Sem acordo, a volta às salas de aula dos colégios militares foi parar na Justiça em ao menos quatro estados — Distrito Federal, Minas Gerais, Rio de Janeiro e Rio Grande do Sul.

Foto: Arquivo

Por Rute Pina, da Agência Pública
Em fevereiro de 2019, o então comandante do Colégio Militar de Porto Alegre coronel Claudio Faulstich reuniu cerca de 200 funcionários em um auditório da escola para um anúncio: a partir daquele momento, alguns temas estavam proibidos em sala de aula. Entre os assuntos vetados, o militar citou explicitamente as palavras homofobia e racismo.

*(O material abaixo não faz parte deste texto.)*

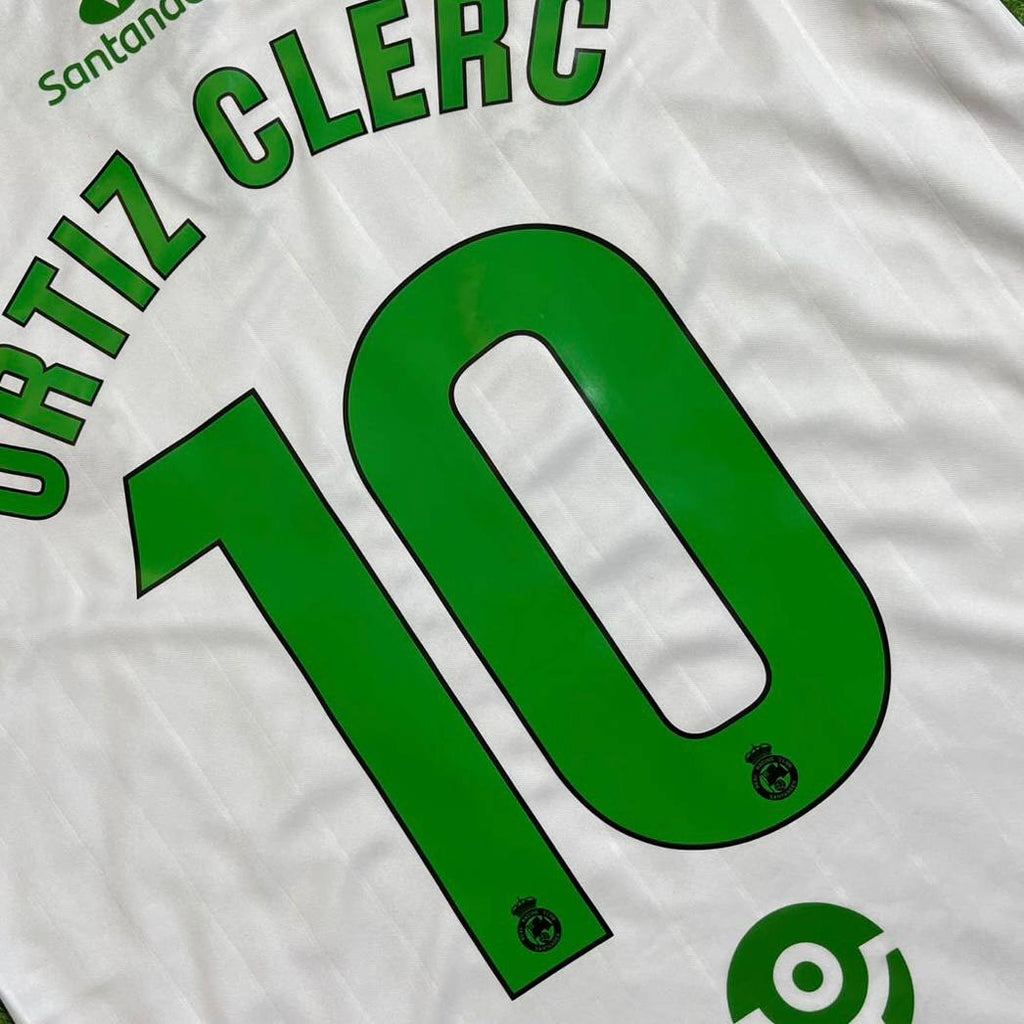 Carlos Clerc Real Santander 2026/2027 Home White Football Jersey Trikot Maillot Magliaa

“Ele procurou minimizar a interferência dele e disse que era uma ordem superior, da Depa [Diretoria de Educação Preparatória e Assistencial, departamento do Exército]. Mas, em tom ameaçador, disse que se alguém tentasse contrariar essas normas poderia sofrer consequências”, relata o professor Rafael*, que pediu anonimato por medo de represálias, como a maioria de seus colegas que conversou com a reportagem da Agência Pública.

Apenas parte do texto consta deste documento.